Online privacy has been dominating the headlines for much of 2013. After it was revealed to the American public that the NSA monitors phone conversations and online activities of US citizens, there has been a heightened sensitivity towards anything deemed as an invasion of privacy. It probably doesn’t warm your hear to know that Google scans your emails in order to deliver relevant online advertising to the user.
Online Advertising That Knows You As Well As You Do
Yesterday, a federal judge ruled that Google may have violated wiretapping laws by monitoring its users’ Gmail accounts. Keywords pulled from your personal emails are then used to target online ads on your browser. This practice has been a part of Google’s and Yahoo’s business models for some time. Online advertising is the most profitable aspect of their businesses so it’s not necessarily surprising that they’ll use their resources in order to make their advertising platform more effective.

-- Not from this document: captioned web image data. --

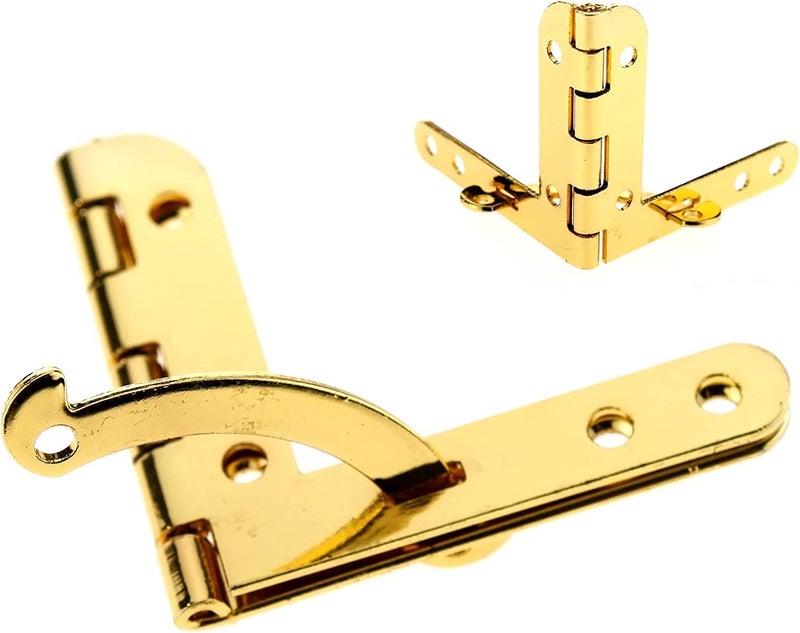 Teclican Golden Color 90 Degree Folding Support Hinge Jewelry Small Box Quadrant Hinge for Jewelry Wine Wooden Box Size 40 x 45mm157x 177 inchLW Pack of 4  - Image 1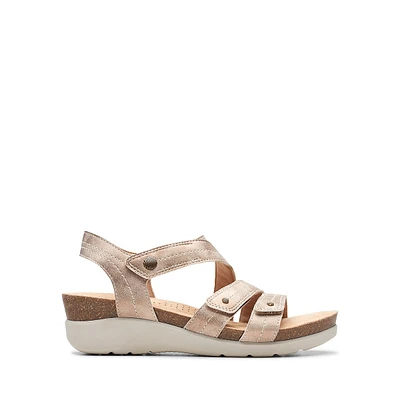 Calenne Clara Leather Wedge Sandals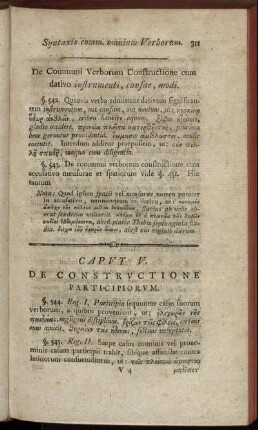 Caput V. De Constructione Participiorum. - Caput VIII. De Constructione Coniunctionum.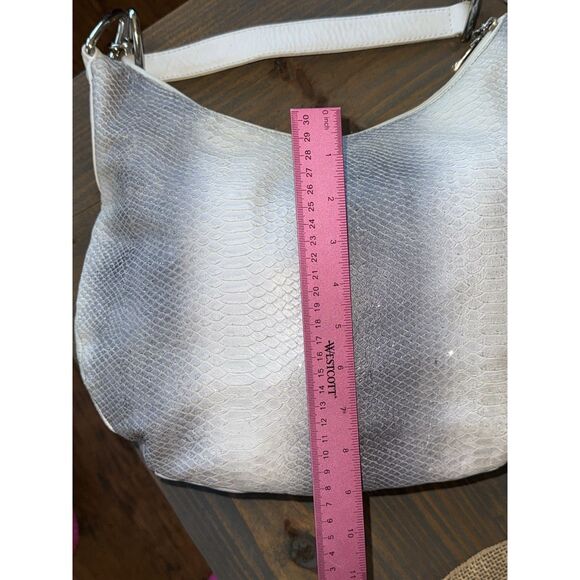 DONALD J PLINER Leather Crescent Shoulder Bag Hobo Purse White Blue Metallic - Picture 12 of 16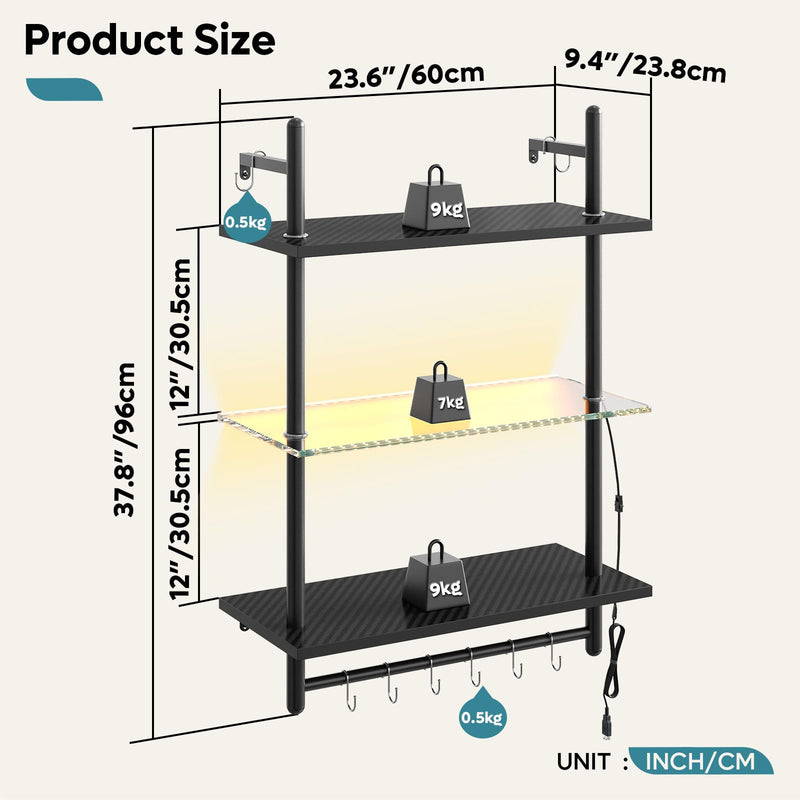 Bestier 3 Tier Floating Pipe Shelving 105.5CM Industrial Wall Mounted Ladder Shelf Hanging with Circular Tube with Hooks Wood Display Storage Home Decor Book Shelves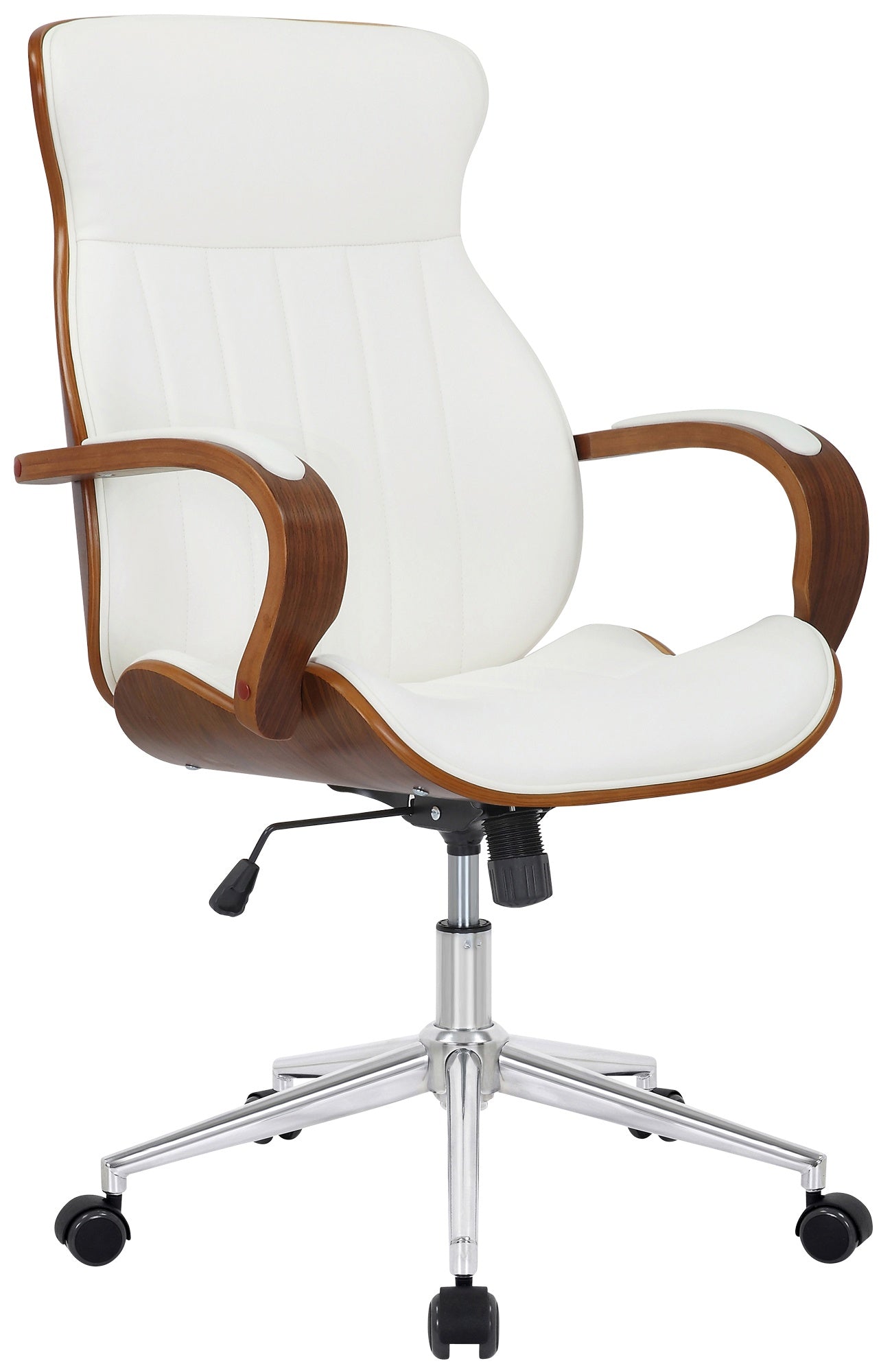 Bureaustoel Kunstleer - Ergonomische Kantoorstoel - 360° Draaibaar Design Kleur walnoot/wit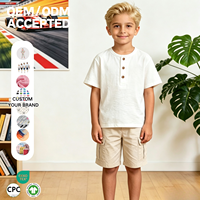 Ensemble deux pièces en coton pour enfants, style costume à manches courtes, garçons et filles, été, nouveau t-shirt et short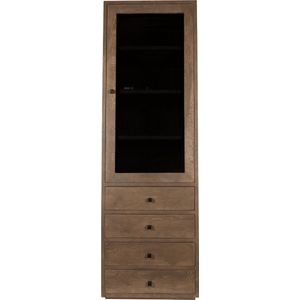 PTMD Oak Cabinet Armarium 1 door 4 drawers Glay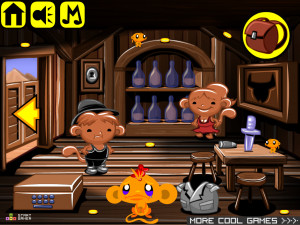 Игра Счастливая Обезьянка 663 (Monkey GO Happy Stage 663: Lucky Luke theme - the man who shoots faster then his own shadow) — играть онлайн бесплатно (изображение №3)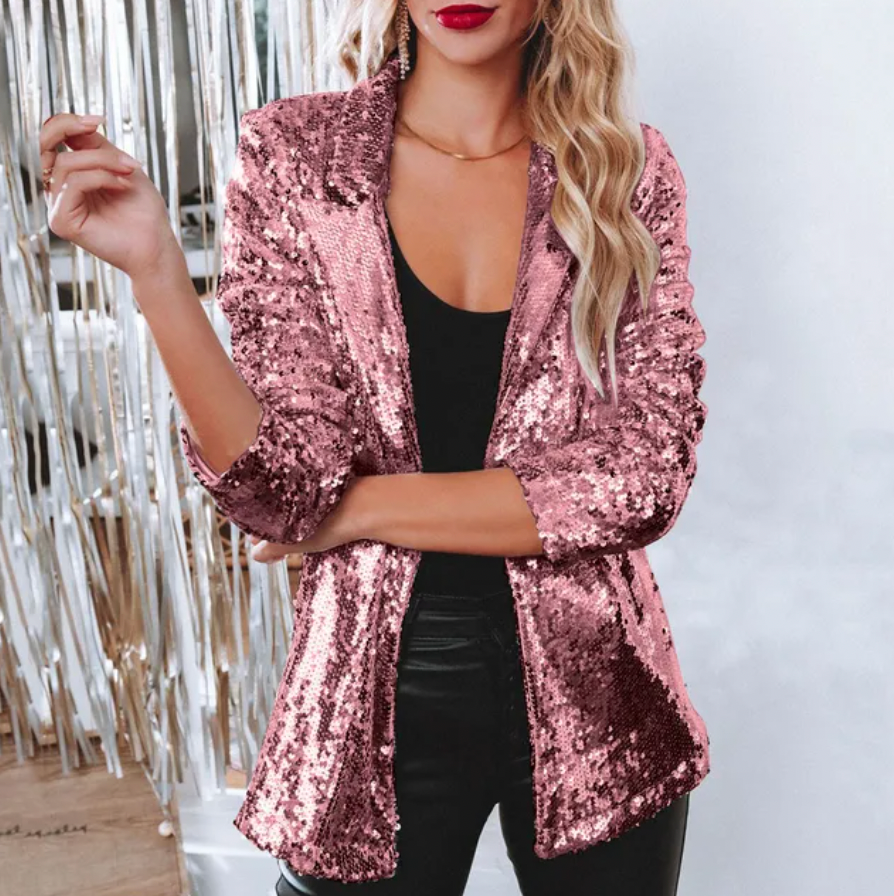 Dames Pailletten Blazer Stijlvol en Veelzijdig 8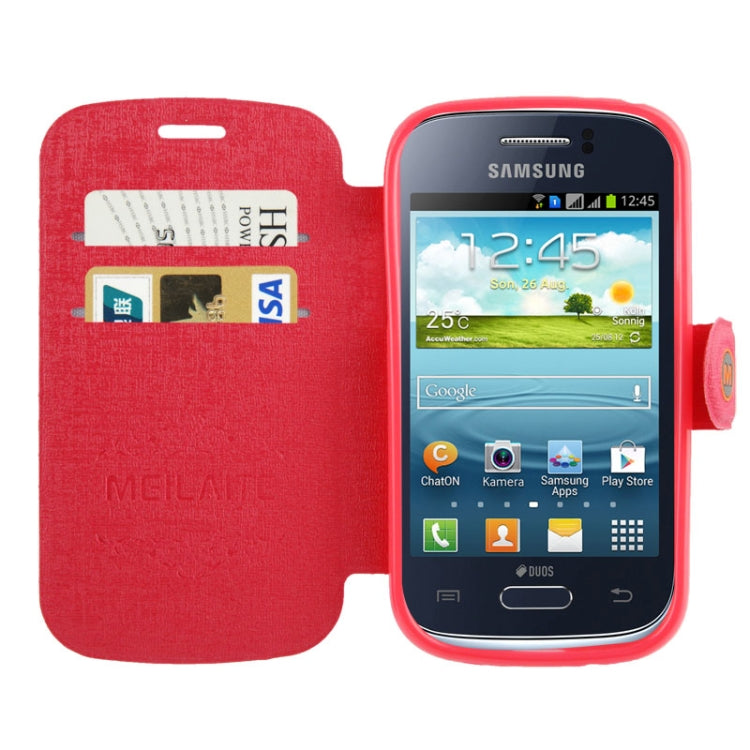 Oracle Texture Magnetic Buckle Leather Case with Credit Card Slots & Holder for Galaxy Express / i8730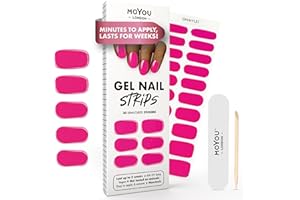 MOYOU LONDON Semi Cured Gel Nail Strips - 20 Pcs. Nail Wraps for Salon-Quality Manicure - Works with Any UV Lamp - Easy to Apply, Trim, & Remove Gel Stickers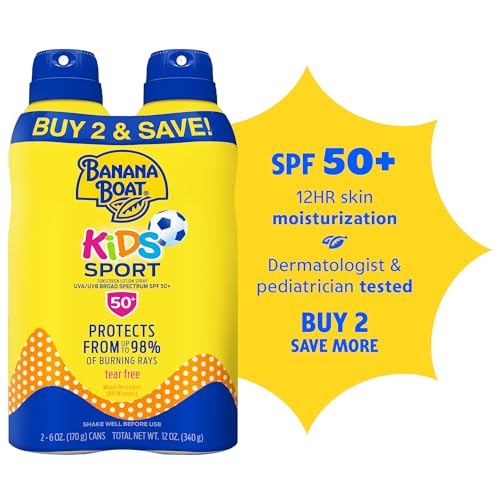 Banana Boat Sport Kids Sunscreen Spray SPF 50, Twin Pack 6oz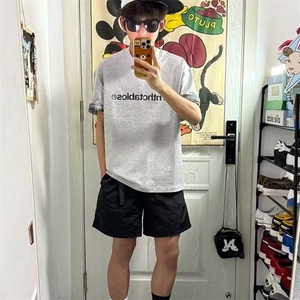 美式复古潮牌t恤女夏季格纹拼接灰色圆领短袖宽松情侣休闲上衣潮图片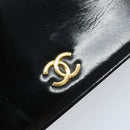 CHANEL Chain Shoulder Bag Patent leather Black Gold CC Auth bs32777-17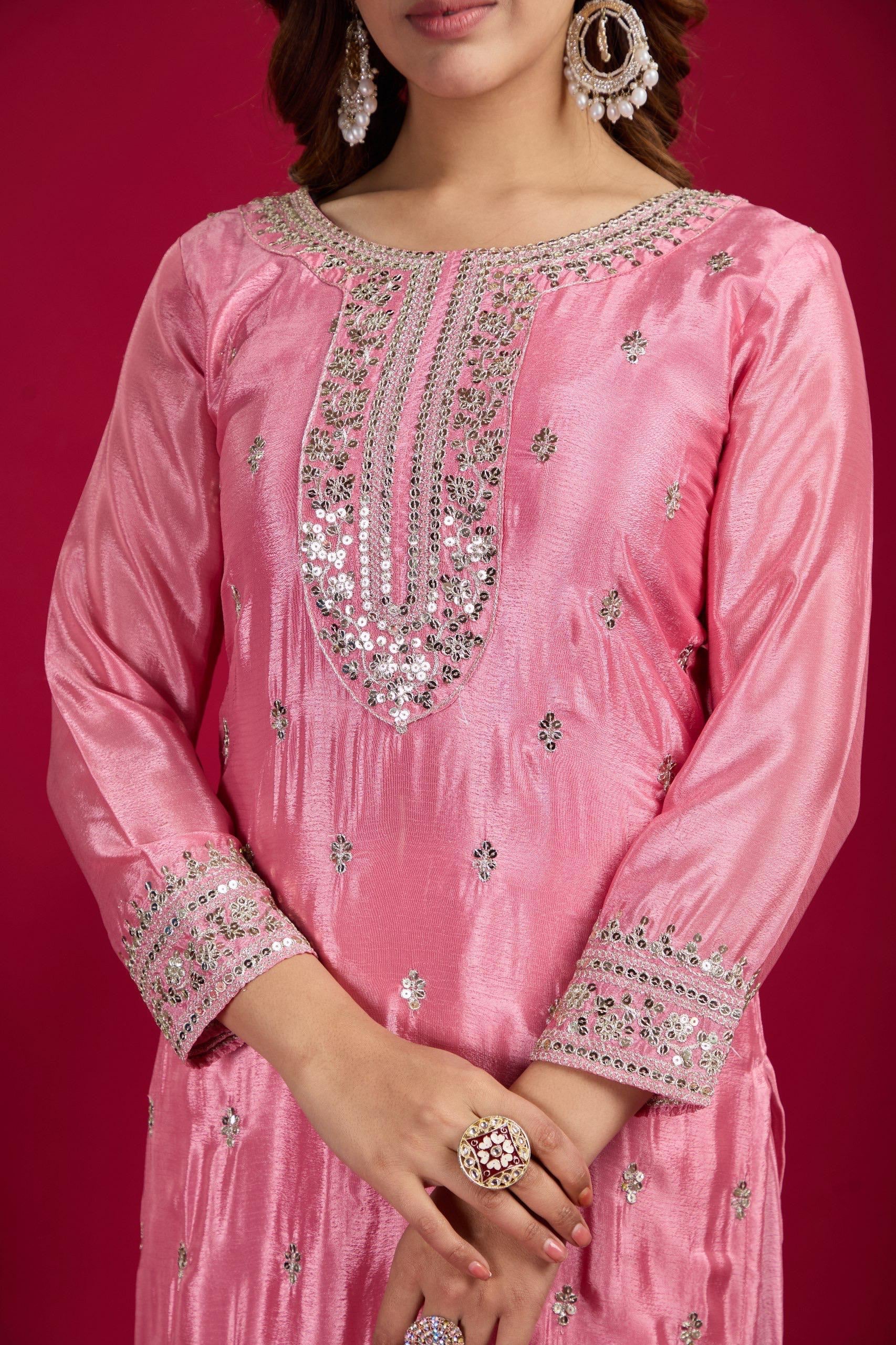 Festival Wear Chinon Top Bottom Dupatta Set with Heavy Embroidery Sequence Work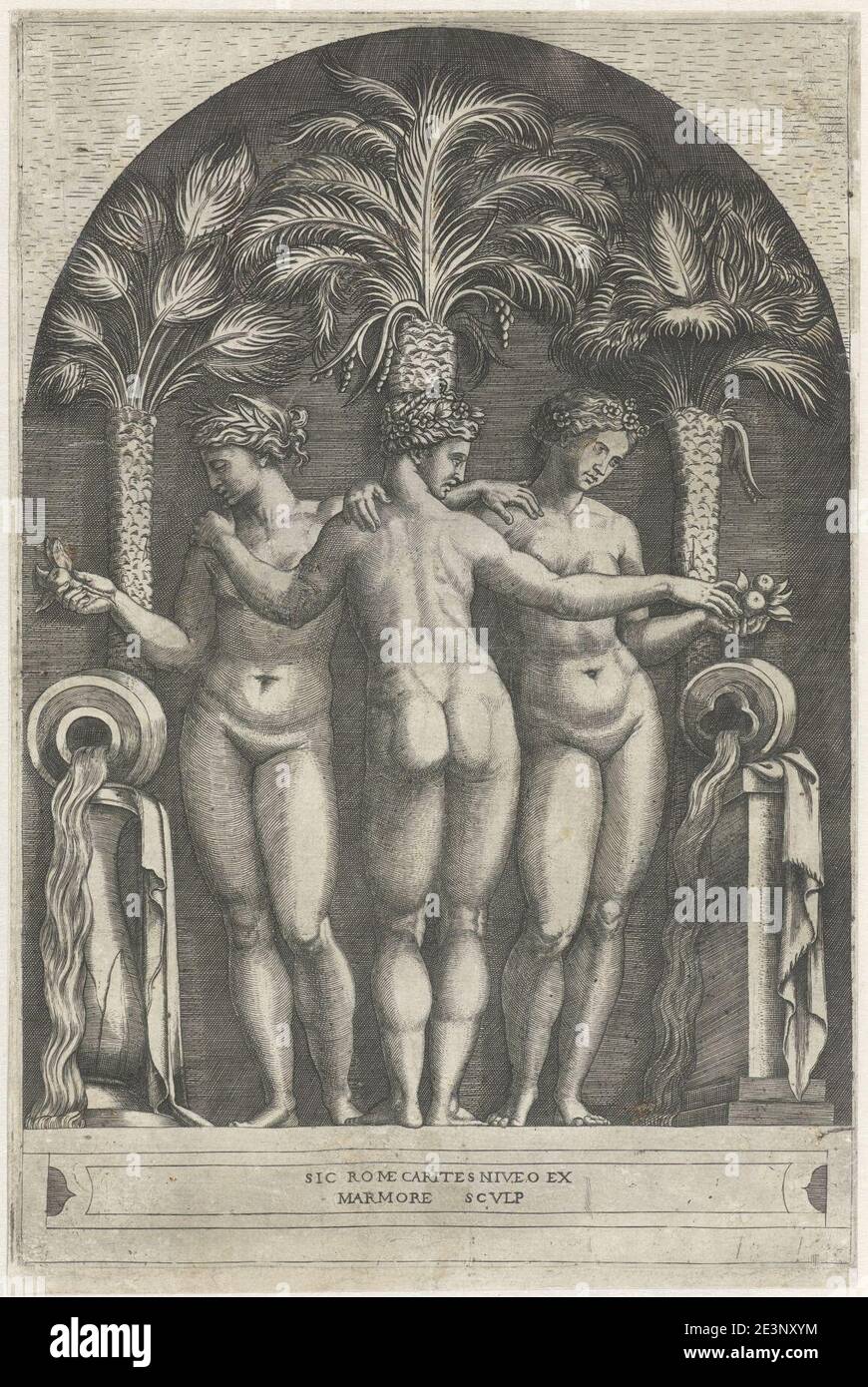 Marcantonio Raimondi - Drie gratiën, 1510-1527. Banque D'Images Marcantonio Raimondi - Drie gratiën, 1510-1527. Banque D'Images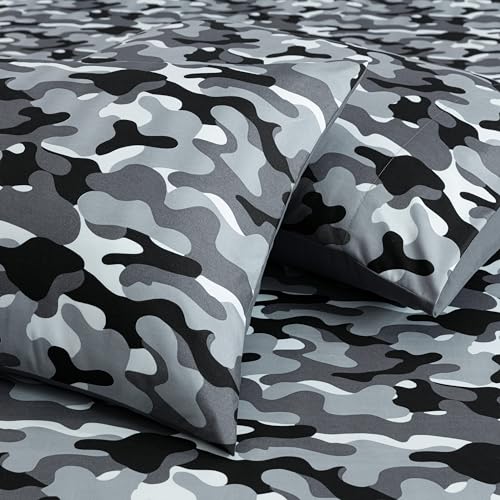 Chezmoi Collection Military Camo 3-Piece Sheet Set - Camouflage Black Gray Printed Microfiber Soft Breathable Deep Pocket Sheets and Pillowcases Set, Twin Size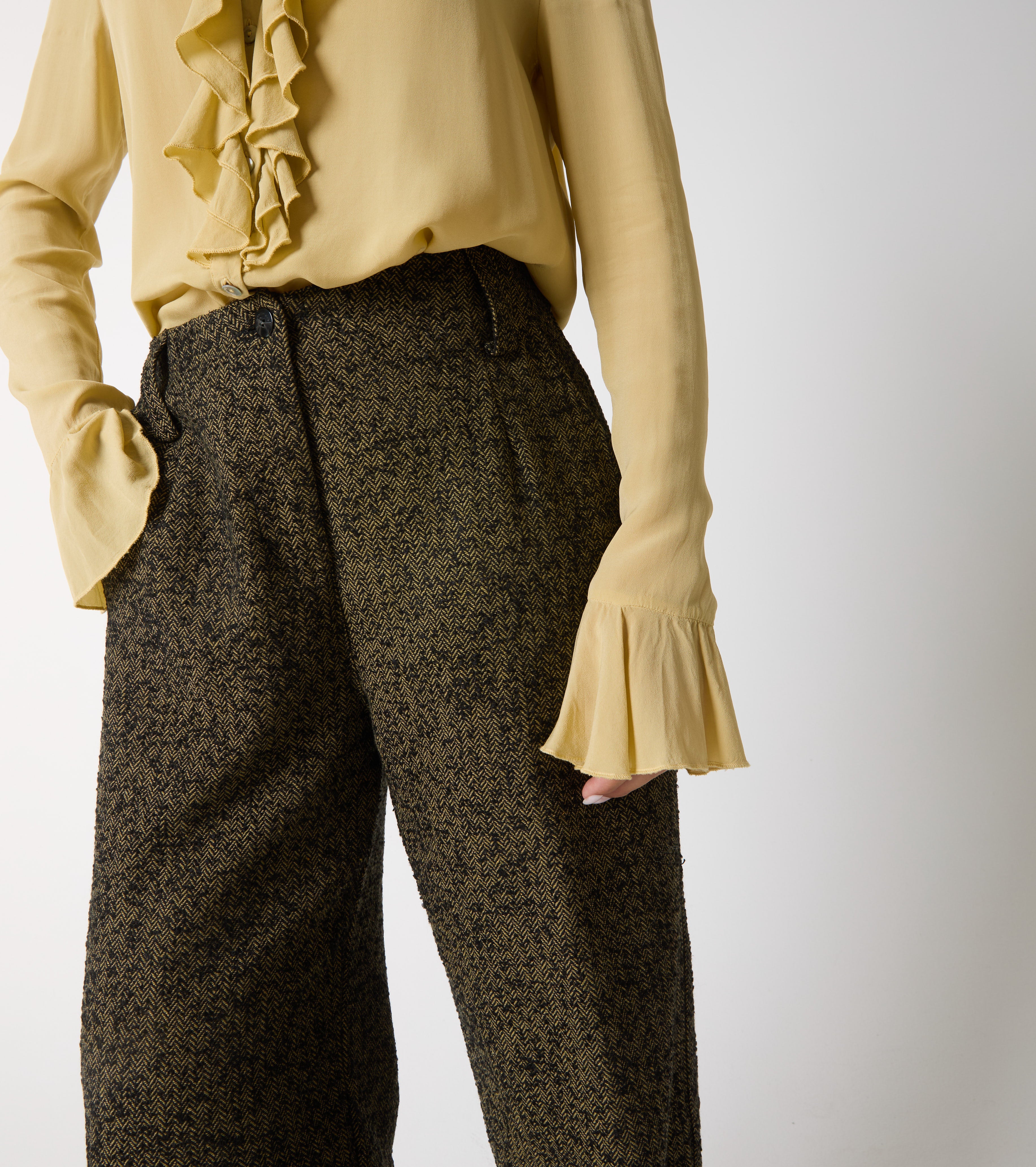 Pantaloni cropped in cotone con pinces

Google points to a provision of the Wiretap Act in which there is room for email service providers to monitor emails that originated from their service. However, Judge Lucy Koh disagrees; believing that the provision does not intend to provide limitless leeway to email service providers.
Google is “disappointed” by the ruling and claims that its users give consent to the email scanning in the end-user agreement (that you surely read word-for-word). They are, of course, petitioning for an appeal.
Gmail, launched in 2004, is the world’s largest email service, with more than 425 million global users in 57 different languages. Google Adwords, originally released in 2000, is their primary advertising product, brought in revenues of $42.5 billion in 2012 alone.